Quickly and carefully they pursued the lights to the hedge, where they glanced over to see what was going on, only to uncover the mystery of that bright glow.
“Ah, now!” groaned Icrick, slapping his furry paw onto his eyes. “A faerie battle!”
There, in the very next field, was a great battlefield of faeries. Hundreds and thousands of red and blue lights were shooting around the field in conflict, all hovering just high of the barley that was cultivated within. It was very difficult to see exactly what was going on, but they could hear it when they listened closely.

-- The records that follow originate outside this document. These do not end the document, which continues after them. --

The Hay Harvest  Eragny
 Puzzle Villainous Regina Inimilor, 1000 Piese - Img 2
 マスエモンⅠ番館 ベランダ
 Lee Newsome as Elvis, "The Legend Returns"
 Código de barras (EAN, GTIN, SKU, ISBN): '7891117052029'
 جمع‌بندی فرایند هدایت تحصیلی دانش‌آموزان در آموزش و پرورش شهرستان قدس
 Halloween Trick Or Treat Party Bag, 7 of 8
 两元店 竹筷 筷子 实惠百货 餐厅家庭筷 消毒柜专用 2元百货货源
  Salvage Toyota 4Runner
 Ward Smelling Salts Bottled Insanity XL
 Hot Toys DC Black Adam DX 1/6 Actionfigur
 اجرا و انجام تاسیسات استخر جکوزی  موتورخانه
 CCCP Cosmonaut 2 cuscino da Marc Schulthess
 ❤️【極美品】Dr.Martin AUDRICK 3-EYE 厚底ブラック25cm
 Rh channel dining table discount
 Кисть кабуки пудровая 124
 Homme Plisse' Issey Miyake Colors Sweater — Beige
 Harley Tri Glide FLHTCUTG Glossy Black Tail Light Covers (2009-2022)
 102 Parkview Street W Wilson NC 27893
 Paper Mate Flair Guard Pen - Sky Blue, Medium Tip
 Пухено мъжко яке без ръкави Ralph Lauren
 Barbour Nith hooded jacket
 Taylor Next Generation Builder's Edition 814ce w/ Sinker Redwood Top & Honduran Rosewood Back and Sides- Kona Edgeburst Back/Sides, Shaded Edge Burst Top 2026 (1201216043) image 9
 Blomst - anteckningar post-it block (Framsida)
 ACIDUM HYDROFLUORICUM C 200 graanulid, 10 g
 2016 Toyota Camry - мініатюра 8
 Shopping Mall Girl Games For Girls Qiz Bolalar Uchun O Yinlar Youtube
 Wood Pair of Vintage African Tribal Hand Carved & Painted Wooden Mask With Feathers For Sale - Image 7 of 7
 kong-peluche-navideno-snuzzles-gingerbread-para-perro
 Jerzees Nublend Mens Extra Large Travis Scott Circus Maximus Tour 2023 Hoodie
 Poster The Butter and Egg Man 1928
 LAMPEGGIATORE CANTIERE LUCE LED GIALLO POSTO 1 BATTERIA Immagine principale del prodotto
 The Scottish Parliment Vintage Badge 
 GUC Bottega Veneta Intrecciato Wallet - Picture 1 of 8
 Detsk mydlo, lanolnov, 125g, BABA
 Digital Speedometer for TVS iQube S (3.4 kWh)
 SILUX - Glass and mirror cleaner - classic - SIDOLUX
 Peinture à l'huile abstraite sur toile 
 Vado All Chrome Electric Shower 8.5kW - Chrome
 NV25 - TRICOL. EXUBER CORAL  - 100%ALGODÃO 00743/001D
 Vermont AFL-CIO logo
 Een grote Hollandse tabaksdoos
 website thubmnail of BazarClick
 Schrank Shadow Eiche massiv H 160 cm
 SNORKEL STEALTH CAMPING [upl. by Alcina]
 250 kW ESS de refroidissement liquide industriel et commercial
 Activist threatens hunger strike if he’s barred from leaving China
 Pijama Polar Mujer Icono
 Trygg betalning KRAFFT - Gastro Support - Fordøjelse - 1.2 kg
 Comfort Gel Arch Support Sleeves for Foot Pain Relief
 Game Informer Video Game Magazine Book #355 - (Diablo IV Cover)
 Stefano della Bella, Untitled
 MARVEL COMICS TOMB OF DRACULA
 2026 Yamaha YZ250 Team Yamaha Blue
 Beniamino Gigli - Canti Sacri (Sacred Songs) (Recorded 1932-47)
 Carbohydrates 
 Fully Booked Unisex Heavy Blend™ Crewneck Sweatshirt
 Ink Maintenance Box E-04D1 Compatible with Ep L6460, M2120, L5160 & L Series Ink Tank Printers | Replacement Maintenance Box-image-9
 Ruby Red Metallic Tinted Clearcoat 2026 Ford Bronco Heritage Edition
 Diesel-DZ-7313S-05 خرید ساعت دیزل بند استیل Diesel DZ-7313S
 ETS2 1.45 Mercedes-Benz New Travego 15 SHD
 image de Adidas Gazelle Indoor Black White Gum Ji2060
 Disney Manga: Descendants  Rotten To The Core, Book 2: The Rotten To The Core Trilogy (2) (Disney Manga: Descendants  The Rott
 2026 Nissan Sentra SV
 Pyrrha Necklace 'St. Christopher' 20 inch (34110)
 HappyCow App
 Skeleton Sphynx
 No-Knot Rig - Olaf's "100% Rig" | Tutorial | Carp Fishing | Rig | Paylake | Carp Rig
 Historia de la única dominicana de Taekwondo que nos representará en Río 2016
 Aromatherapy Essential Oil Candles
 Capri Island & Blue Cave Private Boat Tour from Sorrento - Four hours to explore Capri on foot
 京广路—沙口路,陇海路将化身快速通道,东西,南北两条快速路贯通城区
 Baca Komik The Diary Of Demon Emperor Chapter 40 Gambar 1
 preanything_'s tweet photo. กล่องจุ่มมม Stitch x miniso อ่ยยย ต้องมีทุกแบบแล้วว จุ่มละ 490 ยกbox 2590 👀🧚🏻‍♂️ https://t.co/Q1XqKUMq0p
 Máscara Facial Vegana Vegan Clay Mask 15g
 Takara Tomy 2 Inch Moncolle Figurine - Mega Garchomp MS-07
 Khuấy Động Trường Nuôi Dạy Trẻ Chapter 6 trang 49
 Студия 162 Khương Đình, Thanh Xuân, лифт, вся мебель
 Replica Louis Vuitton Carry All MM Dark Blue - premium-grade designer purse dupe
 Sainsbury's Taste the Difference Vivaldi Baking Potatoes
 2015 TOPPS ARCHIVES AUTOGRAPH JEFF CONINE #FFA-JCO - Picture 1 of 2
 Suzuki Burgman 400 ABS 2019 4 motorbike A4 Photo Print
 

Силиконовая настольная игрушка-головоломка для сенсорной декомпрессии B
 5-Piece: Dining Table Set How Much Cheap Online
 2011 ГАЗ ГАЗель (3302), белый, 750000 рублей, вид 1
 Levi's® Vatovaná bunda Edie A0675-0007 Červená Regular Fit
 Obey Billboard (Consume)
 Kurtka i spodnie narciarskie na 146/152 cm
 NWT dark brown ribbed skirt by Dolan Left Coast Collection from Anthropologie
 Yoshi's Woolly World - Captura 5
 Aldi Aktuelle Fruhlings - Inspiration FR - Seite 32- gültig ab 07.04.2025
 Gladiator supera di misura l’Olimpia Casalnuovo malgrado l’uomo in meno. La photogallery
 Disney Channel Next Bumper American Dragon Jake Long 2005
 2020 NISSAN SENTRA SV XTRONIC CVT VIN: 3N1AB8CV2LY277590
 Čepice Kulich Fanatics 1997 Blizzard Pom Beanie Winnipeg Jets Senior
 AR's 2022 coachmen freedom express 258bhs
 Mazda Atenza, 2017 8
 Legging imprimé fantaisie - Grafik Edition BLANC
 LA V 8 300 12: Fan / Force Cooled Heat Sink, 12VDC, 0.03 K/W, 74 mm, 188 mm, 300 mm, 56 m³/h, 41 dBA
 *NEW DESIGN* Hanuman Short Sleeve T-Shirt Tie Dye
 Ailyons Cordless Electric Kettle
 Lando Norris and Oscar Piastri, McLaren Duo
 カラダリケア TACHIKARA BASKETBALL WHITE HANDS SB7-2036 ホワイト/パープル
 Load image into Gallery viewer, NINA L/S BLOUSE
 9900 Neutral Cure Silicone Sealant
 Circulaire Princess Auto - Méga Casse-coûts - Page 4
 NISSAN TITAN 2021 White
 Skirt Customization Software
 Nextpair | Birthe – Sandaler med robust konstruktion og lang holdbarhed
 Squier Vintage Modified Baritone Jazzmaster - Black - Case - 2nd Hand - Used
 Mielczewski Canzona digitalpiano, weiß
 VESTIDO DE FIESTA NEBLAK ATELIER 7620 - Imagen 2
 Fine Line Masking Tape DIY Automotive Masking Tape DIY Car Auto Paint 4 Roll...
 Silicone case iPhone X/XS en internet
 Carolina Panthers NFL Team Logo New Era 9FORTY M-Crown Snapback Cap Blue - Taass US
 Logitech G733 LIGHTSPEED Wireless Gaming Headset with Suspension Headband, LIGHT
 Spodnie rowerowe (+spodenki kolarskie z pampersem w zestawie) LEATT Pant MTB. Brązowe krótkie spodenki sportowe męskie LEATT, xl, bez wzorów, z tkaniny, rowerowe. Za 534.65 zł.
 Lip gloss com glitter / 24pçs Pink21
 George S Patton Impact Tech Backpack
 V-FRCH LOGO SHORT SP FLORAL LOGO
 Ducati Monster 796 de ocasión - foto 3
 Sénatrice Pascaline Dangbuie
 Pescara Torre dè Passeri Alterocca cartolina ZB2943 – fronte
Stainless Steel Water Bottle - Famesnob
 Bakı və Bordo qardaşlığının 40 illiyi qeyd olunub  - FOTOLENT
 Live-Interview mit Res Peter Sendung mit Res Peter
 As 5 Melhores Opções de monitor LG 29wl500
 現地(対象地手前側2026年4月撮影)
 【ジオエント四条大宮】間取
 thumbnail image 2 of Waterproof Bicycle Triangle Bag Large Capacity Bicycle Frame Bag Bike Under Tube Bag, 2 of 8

Cry and growl, scrape and grunt, went the fight. To William and the others it sounded kind of harmless and quiet. To the faeries themselves, it would’ve been a total massacre.
“Look at the size of it!” gasped the Grogoch, noticing how the battle went well out of their path.
Then, only a few fields across the way, over an old oak wood and a hill lined with birch trees, was the faint silhouette of the tower’s crown. It was fairly close after all.
“Well, I’m fresh out of ideas,” said the Grogoch.
Drawing his hood and pulling his cloak in tightly, William said, “Lookit. There’s the tower. We’re nearly there. Let’s just run through it, and that’ll be that.”